Assim, para citar apenas o que é essencial, partindo do tão conhecido princípio de que o dogma da caridade em Deus e no homem é tão peculiar ao Cristianismo quanto o da migração das almas o é ao antigo Druidismo, um certo número de tríades, nas quais respira um espírito de amor jamais conhecido na Gália primitiva, traem-se imediatamente como as marcas de um caráter comparativamente moderno, ao passo que as outras, animadas por um sopro completamente diferente, revelam ainda melhor o cunho de alta Antiguidade que os distingue.
“Enfim, não é demais observar que a própria forma do ensino contido nas tríades é de origem druídica. Sabe-se que os druidas tinham uma predileção particular pelo número três e o empregavam especialmente, como no-lo mostram a maioria dos monumentos gauleses, para a transmissão de suas lições que, mediante essa forma precisa, mais facilmente era gravada na memória. Diógenes Laércio nos conservou uma dessas tríades, que resume sucintamente o conjunto de deveres do homem para com a Divindade, para com os semelhantes e para consigo mesmo: “Honrar os seres superiores, não cometer injustiça e cultivar em si a virtude viril”. A literatura dos bardos propagou inúmeros aforismos do mesmo gênero, relativos a todos os ramos do saber humano: Ciência, História, Moral, Direito, Poesia. Não os há mais interessantes nem mais adequados a inspirar grandes reflexões do que aqueles cujo texto publicamos a seguir, conforme a versão francesa do Sr. Adolphe Pictet.

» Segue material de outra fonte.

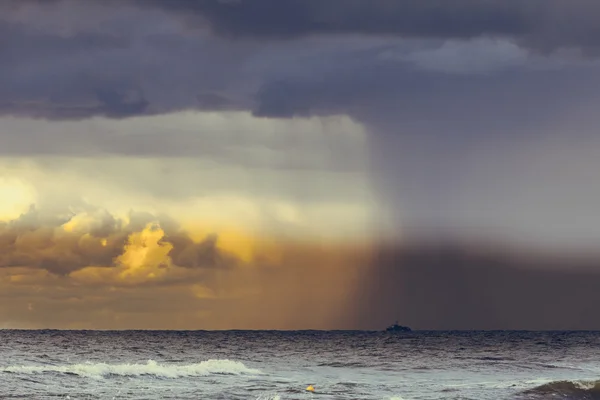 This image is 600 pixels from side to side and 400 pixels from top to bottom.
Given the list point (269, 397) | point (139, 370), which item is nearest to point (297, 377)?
point (139, 370)

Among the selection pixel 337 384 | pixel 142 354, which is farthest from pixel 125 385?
pixel 142 354

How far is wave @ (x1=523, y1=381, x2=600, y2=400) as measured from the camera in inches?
2330

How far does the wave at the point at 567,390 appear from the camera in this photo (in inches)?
2330

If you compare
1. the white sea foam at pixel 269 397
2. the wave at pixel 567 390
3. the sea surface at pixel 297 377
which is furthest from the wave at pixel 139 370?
the wave at pixel 567 390

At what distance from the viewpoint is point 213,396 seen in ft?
188

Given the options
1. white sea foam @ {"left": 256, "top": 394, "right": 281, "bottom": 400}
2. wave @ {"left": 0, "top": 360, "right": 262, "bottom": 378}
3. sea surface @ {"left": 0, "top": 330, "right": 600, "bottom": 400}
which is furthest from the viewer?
wave @ {"left": 0, "top": 360, "right": 262, "bottom": 378}

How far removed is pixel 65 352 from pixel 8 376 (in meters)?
44.7

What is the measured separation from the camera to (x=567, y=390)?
61.7 m

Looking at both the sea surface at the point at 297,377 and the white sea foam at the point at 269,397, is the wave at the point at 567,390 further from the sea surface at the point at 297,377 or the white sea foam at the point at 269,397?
the white sea foam at the point at 269,397

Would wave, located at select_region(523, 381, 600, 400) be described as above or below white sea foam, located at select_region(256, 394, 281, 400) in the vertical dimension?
above

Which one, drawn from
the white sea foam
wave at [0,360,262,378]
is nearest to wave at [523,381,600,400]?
the white sea foam

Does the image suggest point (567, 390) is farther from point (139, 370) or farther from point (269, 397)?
point (139, 370)

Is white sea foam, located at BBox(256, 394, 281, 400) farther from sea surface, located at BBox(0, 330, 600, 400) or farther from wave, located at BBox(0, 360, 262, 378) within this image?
wave, located at BBox(0, 360, 262, 378)

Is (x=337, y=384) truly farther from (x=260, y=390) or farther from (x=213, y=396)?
(x=213, y=396) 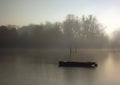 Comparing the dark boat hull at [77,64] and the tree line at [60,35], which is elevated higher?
the tree line at [60,35]

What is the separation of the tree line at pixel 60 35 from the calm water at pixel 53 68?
0.14 m

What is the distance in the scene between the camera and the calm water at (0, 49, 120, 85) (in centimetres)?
450

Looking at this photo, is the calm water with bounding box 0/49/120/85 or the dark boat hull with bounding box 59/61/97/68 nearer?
the calm water with bounding box 0/49/120/85

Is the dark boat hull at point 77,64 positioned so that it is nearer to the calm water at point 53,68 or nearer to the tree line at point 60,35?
the calm water at point 53,68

“Desta série de tríades, as onze primeiras são consagradas à exposição dos atributos característicos da Divindade. É nesse segmento que a influência cristã, como era fácil de prever, teve a maior influência. Se não se pode negar que o Druidismo tenha conhecido o princípio da unidade de Deus, talvez por sua predileção pelo número ternário tenha concebido, de modo confuso, algo como a divina Trindade. É contudo incontestável que o que completa essa alta concepção teológica — a saber, a distinção das pessoas e, particularmente, da terceira — ficou completamente estranho a essa antiga religião. Tudo conduz à prova de que seus antigos sectários se preocupavam muito mais em estabelecer a liberdade do homem do que a caridade. Foi precisamente em consequência dessa falsa posição do ponto de partida que ela pereceu. Também parece razoável associar a uma influência cristã, mais ou menos determinada, todo esse exórdio, principalmente a partir da quinta tríade.
“Em seguida aos princípios gerais relativos à natureza de Deus, passa o texto a expor a constituição do universo. O conjunto dessa constituição é formulado superiormente em três tríades que, mostrando os seres particulares numa ordem absolutamente diferente daquela de Deus, completam a ideia que deve ser feita do Ser único e imutável. Sob fórmulas mais explícitas, essas tríades mais não fazem, entretanto, que reproduzir aquilo que já era sabido, pelo testemunho dos antigos, sobre a doutrina da circulação das almas, passando alternativamente da vida à morte e da morte à vida. Podemos considerá-los como o comentário de um verso célebre da Farsália*, no qual o poeta exclama, dirigindo-se aos sacerdotes da Gália, que se aquilo que ensinam é certo, a morte não é mais que o meio de uma longa vida: Longae vitae mors media est.”
* Poema de Lucano, poeta latino natural de Córdoba, na Espanha. Consta de 10 livros e narra a guerra civil entre César e Pompeu. (N. do T.)